I’m putting this page online prematurely, with no further explanation or notes, just to have the information accessible. More specifics will follow as soon as I get a chance. (See bottom of page for contact info.) For more excitement you may want to visit my Tjerck Claessen DeWitt page or my list of interesting Manhattan baptisms from the same period. (Or drop by my genealogy home page, linked below.)

A few more details, before I get a chance to fill in a proper, thorough discussion of what lies below: In 1869 Jonathan Pearson, a professor at Union College, published a first volume of translations of early Dutch records from the Albany area. He continued his translation work for several years but never published the results. Nearly 50 years later, three further volumes of Pearson translations were finally published, revised and edited by A.J.F. Van Laer, Archivist in the New York State Library.
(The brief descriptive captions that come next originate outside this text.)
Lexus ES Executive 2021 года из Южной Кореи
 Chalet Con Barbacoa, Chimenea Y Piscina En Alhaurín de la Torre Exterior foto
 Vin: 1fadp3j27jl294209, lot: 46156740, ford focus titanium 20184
Each entry below is marked with the date of the original document and its location in the Pearson translations, indexed by volume and page number (II:456, for example, being Volume II, Page 456). To bring out the historical procession of events, I have rearranged these entries in chronological order.

These entries are ones I felt would be useful in my research into the history of Tjerck Claessen DeWitt, both in America and in Europe. I’ve been trying to figure out where in Europe he came from, and closely examining his story in the early New Netherlands, together with the documents pertaining to those around him, seems to be the only way to determine positively where he was from. The research continues. But there’s much more in the Pearson translations for those interested in other early families in the Dutch colony, or who want to learn more about the history of commerce and daily life there. I also highly recommend many of these early documents for entertaining reading. Some are prosaic and legalistic, but more than a few spring alive with the light of ordinary life, showing the personality and often humor of the early colonists on these shores.

The following entries are taken from the volumes listed below. As I get a chance, I may augment them with records from other sources as well. My eventual goal is to make the timeline of documentation on Tjerck Claessen DeWitt as complete and intelligible as possible. I welcome comment, both praise and criticism, as well as questions about anything I haven’t managed to make clear here. Later on I also hope to add the informative introductions to these books. In a perfect world, I’ll get around to typing out the exact wording of many of the translations, but for now the following summaries will have to suffice.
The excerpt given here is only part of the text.